TASK: Only the lines from the one with "Air Deflector AC" to the end of the data below should be given again, exactly, with both ends included and pictures omitted.

GIVEN ENTRIES:
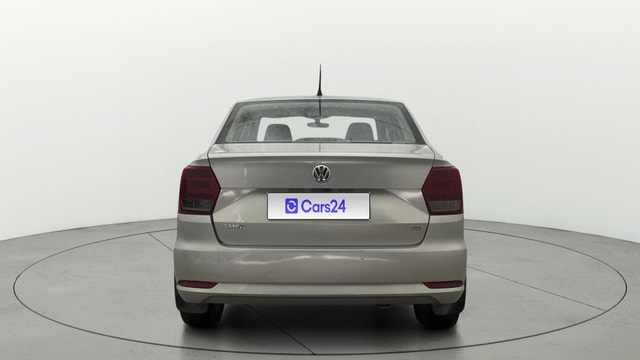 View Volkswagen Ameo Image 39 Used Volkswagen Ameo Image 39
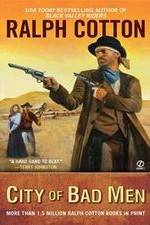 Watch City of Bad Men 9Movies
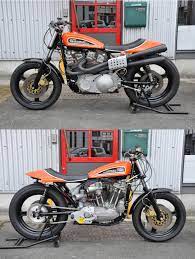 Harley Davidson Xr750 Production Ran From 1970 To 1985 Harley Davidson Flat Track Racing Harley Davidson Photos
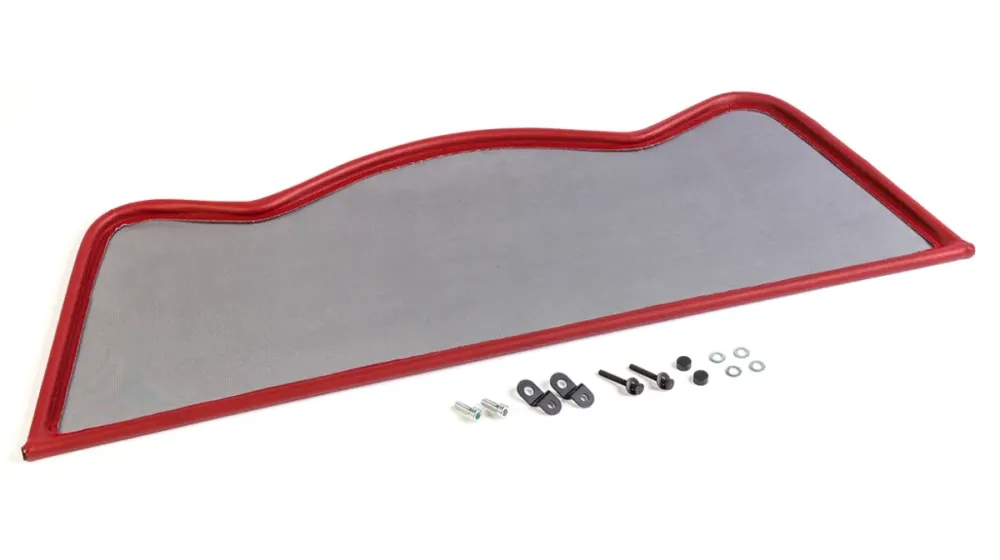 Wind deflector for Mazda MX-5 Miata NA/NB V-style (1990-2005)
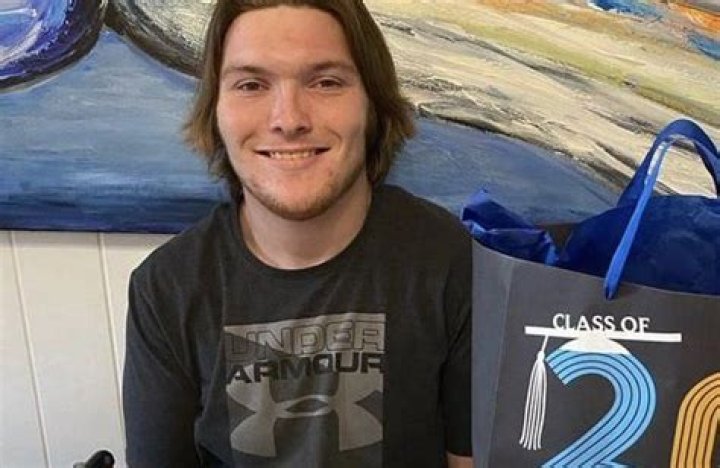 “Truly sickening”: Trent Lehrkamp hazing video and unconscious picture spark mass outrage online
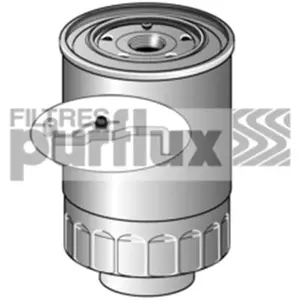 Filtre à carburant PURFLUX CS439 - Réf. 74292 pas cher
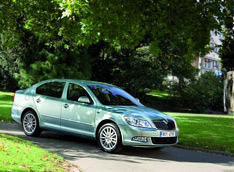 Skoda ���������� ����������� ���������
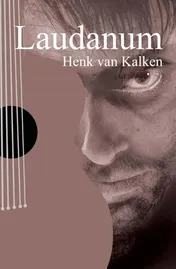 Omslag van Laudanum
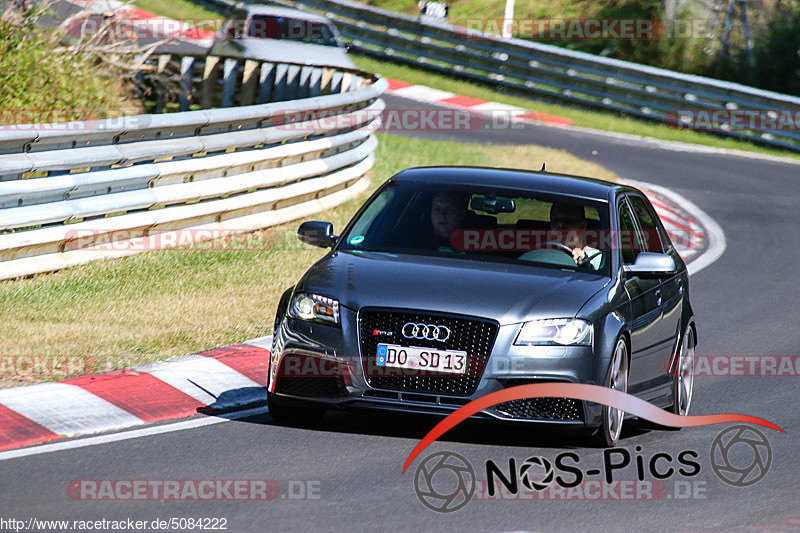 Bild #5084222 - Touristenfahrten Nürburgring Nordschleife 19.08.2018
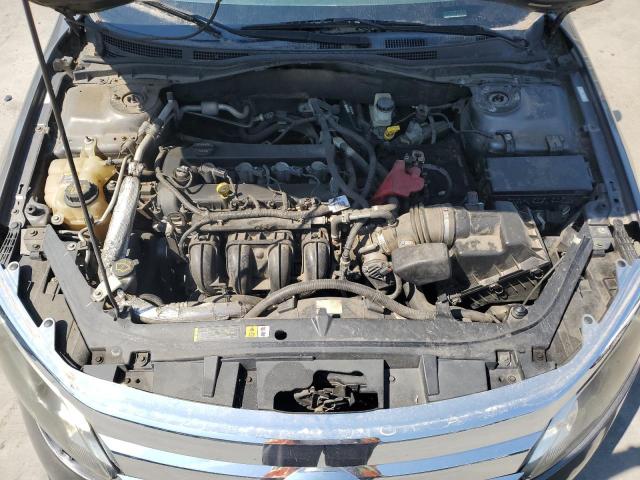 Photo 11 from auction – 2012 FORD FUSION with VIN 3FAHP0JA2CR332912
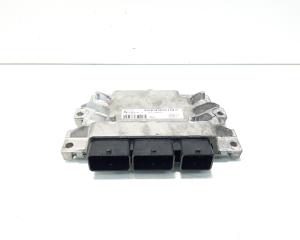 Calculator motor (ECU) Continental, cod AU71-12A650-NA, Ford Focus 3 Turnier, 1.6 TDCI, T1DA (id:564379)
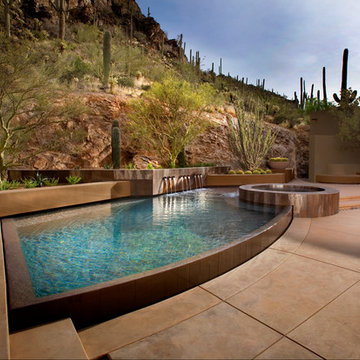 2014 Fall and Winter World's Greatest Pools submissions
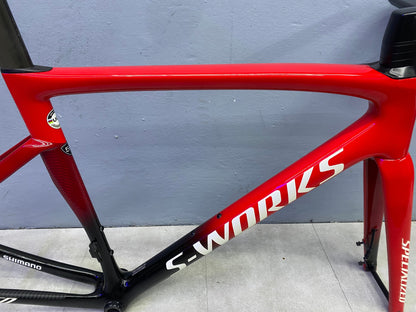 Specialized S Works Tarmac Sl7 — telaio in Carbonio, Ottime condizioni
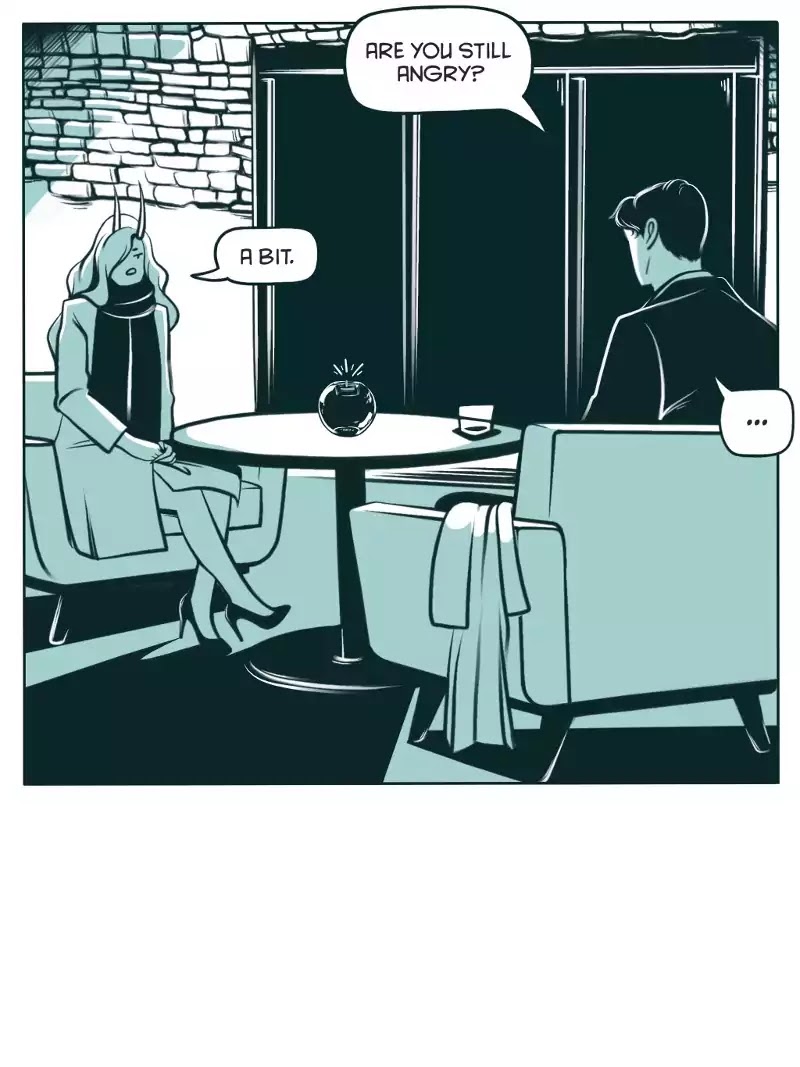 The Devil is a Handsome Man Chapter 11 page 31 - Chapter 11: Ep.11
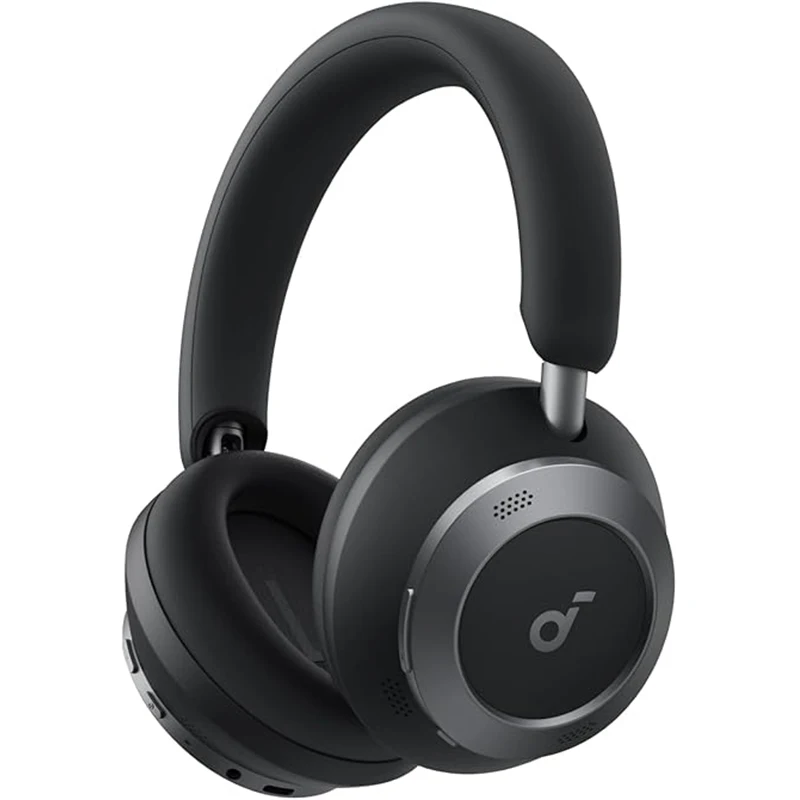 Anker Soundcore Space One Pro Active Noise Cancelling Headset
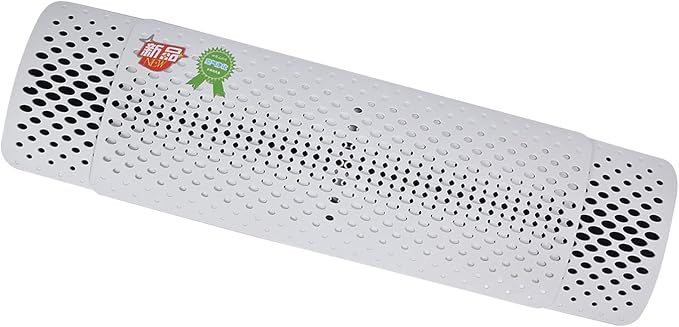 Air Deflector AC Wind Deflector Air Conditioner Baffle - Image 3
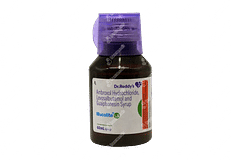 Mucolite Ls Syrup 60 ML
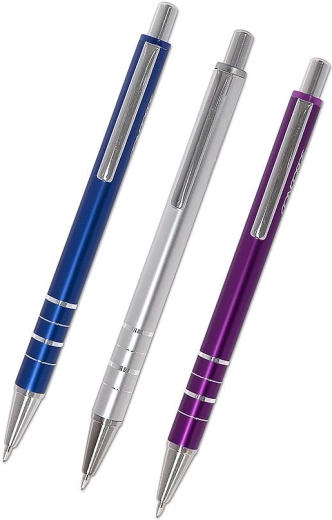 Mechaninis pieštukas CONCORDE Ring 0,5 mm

ANSWER TO THIS PROBLEM:
 Air Deflector AC Wind Deflector Air Conditioner Baffle - Image 3
 Mucolite Ls Syrup 60 ML
 Mechaninis pieštukas CONCORDE Ring 0,5 mm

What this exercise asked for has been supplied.